In this very same conversation Jesus advised his followers that they should “not withdraw from Jerusalem, but keep waiting for what the Father has promised.” (Acts 1:4) They received the fulfillment of this promise shortly thereafter when Jesus poured out God’s holy spirit on them on the day of Pentecost, 33 C.E., and it was only then that they began fully to understand spiritual things. Under the power of this holy spirit the apostle Peter enlightened his hearers as to the superiority of Jesus’ position over that held by his earthly predecessor David, saying: “This Jesus God resurrected . . . he was exalted to the right hand of God . . . Actually David did not ascend to the heavens, but he himself says, ‘Jehovah said to my Lord: “Sit at my right hand, until I place your enemies as a stool for your feet.”’” (Acts 2:32-35) From this it became evident that Jesus was to receive something greatly superior to an earthly throne such as David had had. His kingdom was to be heavenly and include rulership over all the earth.
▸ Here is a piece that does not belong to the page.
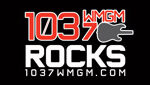 103.7 WMGM
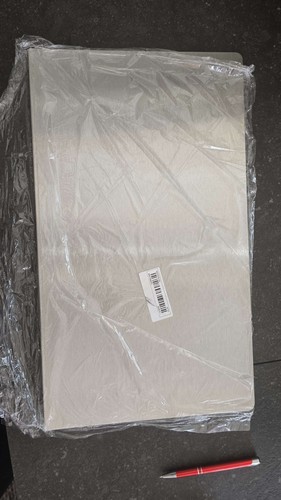 Metal cutting board - metal,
David himself under inspiration showed that the position to be held at a later date by God’s Son would embrace more than anything he could pass on to him, and that is why he spoke of him prophetically as “my Lord.” (Ps. 110:1) Concerning the kingdom that this one would inherit it was foretold in Daniel 7:13, 14: “I kept on beholding in the visions of the night, and, see there! with the clouds of the heavens someone like a son of man happened to be coming; and to the Ancient of Days he gained access, and they brought him up close even before that One. And to him there were given rulership and dignity and kingdom, that the peoples, national groups and languages should all serve even him. His rulership is an indefinitely lasting rulership that will not pass away, and his kingdom one that will not be brought to ruin.”
So after Jesus had faithfully finished his earthly ministry, God “raised him up from the dead and seated him at his right hand in the heavenly places, far above every government and authority and power and lordship and every name named, not only in this system of things, but also in that to come.” (Eph. 1:20, 21) At that time, in the year 33 C.E., Psalm 110:1 applied, which says: “The utterance of Jehovah to my Lord is: ‘Sit at my right hand until I place your enemies as a stool for your feet.’” After nearly nineteen centuries, at the end of the “appointed times of the nations,” or in 1914 C.E., Jehovah issued the further command recorded in the following verse, saying to his King-Son: “Go subduing in the midst of your enemies.” So Jesus’ position as king is something far more than anything that David ever had.
COVENANT FOR HEAVENLY KINGDOM
Does that ruling position of Jesus include anything else? Yes, it does. Just two verses later in the same psalm, David was inspired to say: “Jehovah has sworn (and he will feel no regret): ‘You are a priest to time indefinite according to the manner of Melchizedek!’” (Ps. 110:4) Here, then, was another legal promise concerning the coming Messiah that God had made under oath, first recorded in David’s time. Not only would Jesus’ kingdom be superior to that of David, but he would be a priest as well as a king, something that could never be under the Davidic covenant because God’s law to Israel maintained a strict separation between kingship and priesthood. The very nature of this special office held by Melchizedek made it something that could not be passed on to anyone as a human successor of his. It did not come into existence again in God’s arrangement until God’s due time to make Jesus a spiritual king and priest. For this reason, it is not even mentioned again in the Scriptures until Paul discussed the subject in his letter to the Hebrew Christians, written about 61 C.E.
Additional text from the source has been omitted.